# How many other night riders are there on here?



## Panter (6 Nov 2008)

As title?


----------



## KitsuneAndy (6 Nov 2008)

I'm starting to ride at night now.

One Fenix L2D doesn't really hold up off road though (although for the money I'm amazed by it).


----------



## zimzum42 (7 Nov 2008)

There's only one Hasselhoff!!!!!

I ride mostly at night, mainly cos of work hours, but also cos it's too flippin hot during the day!


----------



## gavintc (7 Nov 2008)

I think night riding is safer than day riding. Your lights make drivers notice you.


----------



## Rhythm Thief (7 Nov 2008)

I prefer riding at night.


----------



## DJ (7 Nov 2008)

Rhythm Thief said:


> I prefer riding at night.




+1


----------



## mr Mag00 (7 Nov 2008)

i have in the past, not much atm, but wonder on to the road at this time of the year.


----------



## yorkshiregoth (7 Nov 2008)

+2


----------



## palinurus (7 Nov 2008)

Normally only for commuting and shopping etc. although increasingly I'll take the long route home even in the dark.


----------



## And (7 Nov 2008)

+1

Both on road and off road - offroad I particulary enjoy sections of singletrack in the forestry commision near where I live. 
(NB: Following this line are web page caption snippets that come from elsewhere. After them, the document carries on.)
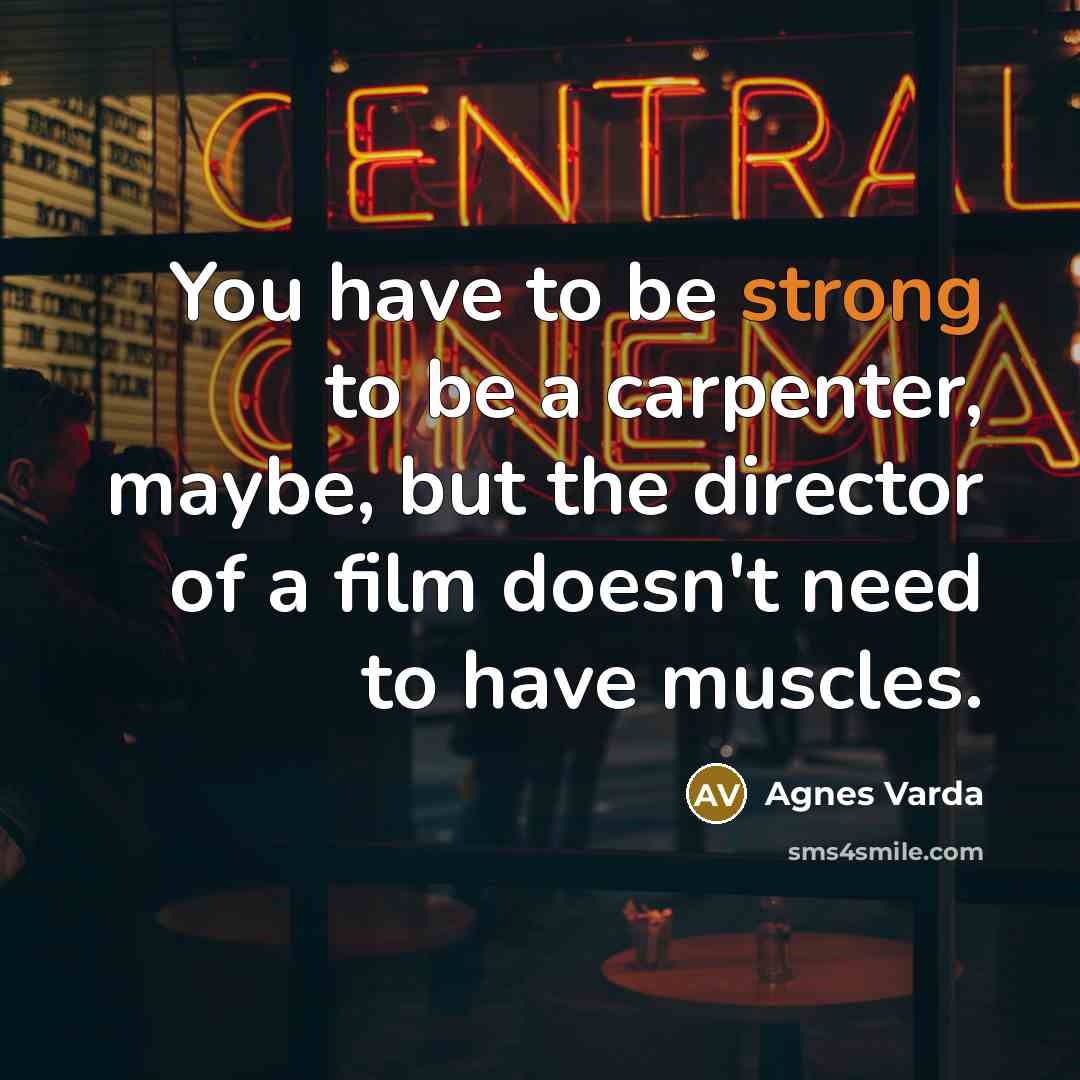 “You have to be strong to be a carpenter, maybe,…” quote by Agnes Varda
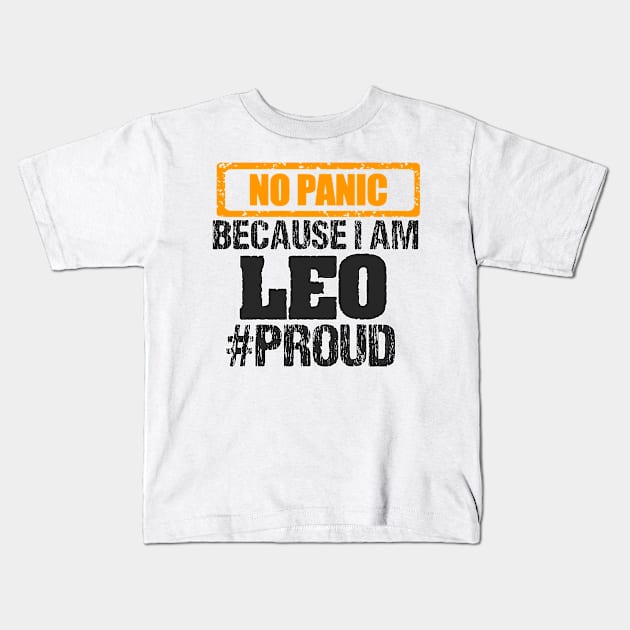 NO PANIC BECAUSE AM LEO, PROUD, ZODIAC SIGN Kids T-Shirt by THESHOPmyshp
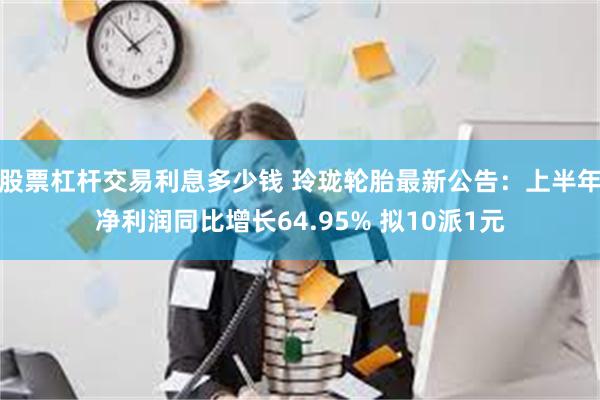 股票杠杆交易利息多少钱 玲珑轮胎最新公告：上半年净利润同比增长64.95% 拟10派1元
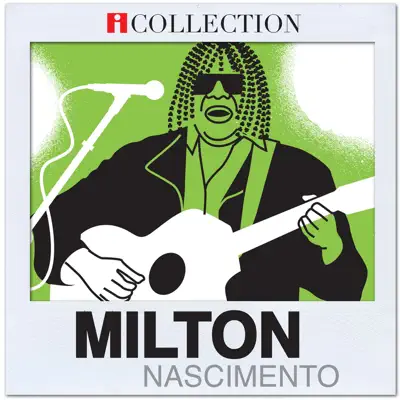 iCollection - Milton Nascimento - Milton Nascimento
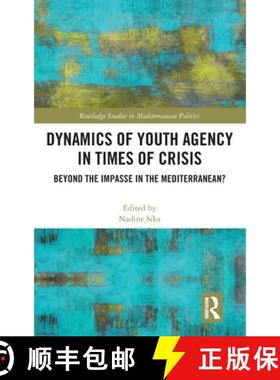 【3-4周达】Dynamics of Youth Agency in Times of Crisis: Beyond the Impasse in the Mediterranean? [9781032149110]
I thoroughly recommend the Exposure 'Race' LED light for this purpose.


----------



## Panter (7 Nov 2008)

Actually I meant off-road riders, hence posting in this section 


Mind you, night riding on the road is fun too


----------



## Steve Austin (7 Nov 2008)

Yep i ride in the woods at night. Scares the life out of me everytime


----------



## Renard (8 Nov 2008)

Not done any for a while. Usually go a run round the local woods. Watch out for roots though. Once did a spectacular face plant after a front wheel wash out and took a nice chunk out of my chin.


----------



## Kirstie (9 Nov 2008)

Yes. Done it for years, and done all-night races too. It's pretty good fun, but not partaken for a while...


----------



## Rhythm Thief (9 Nov 2008)

Rhythm Thief said:


> I prefer riding at night.



Sorry, I was talking about on - road stuff. I never noticed it was in this bit of the forum.


----------



## trio25 (9 Nov 2008)

Yes, although I get scared on my own I am often found on the moors at night on my own.


----------



## User482 (10 Nov 2008)

Yep, go out on a club ride on Monday nights. Some "interesting" sights in the woods near Bristol once it gets dark!


----------



## Globalti (11 Nov 2008)

Also been doing it for years. Some of my most memorable rides have been at night. Recently bought a really good HID light but haven't been out much this Autumn as I'm fed up with the mud and can't afford to keep replacing chainrings, chains etc.


----------



## bonk man (16 Nov 2008)

lots of MTBers in Malvern take to the hills after dark..... I ride with a small group on Thursday nights and often come across large groups of riders hurtling about. 
If anyone fancies joining us you are more than welcome. 6 pm at the Barnards Green bus shelter and out for about 2 hrs which is within the limit of most peoples battery packs though my mates lights died the other night with hilarious consequences.....slither slither arg bloody hell etc... 

Good fun...............


----------



## bikevigilante (16 Nov 2008)

its alright riding at night but no matter how many or how good my lights are cars seem to think ah b------- its only a bike and pull out, this is why i am in the process of making the world more aware if these idiots.


----------



## MichaelM (16 Nov 2008)

bikevigilante said:


> its alright riding at night but no matter how many or how good my lights are cars seem to think ah b------- its only a bike and pull out, this is why i am in the process of making the world more aware if these idiots.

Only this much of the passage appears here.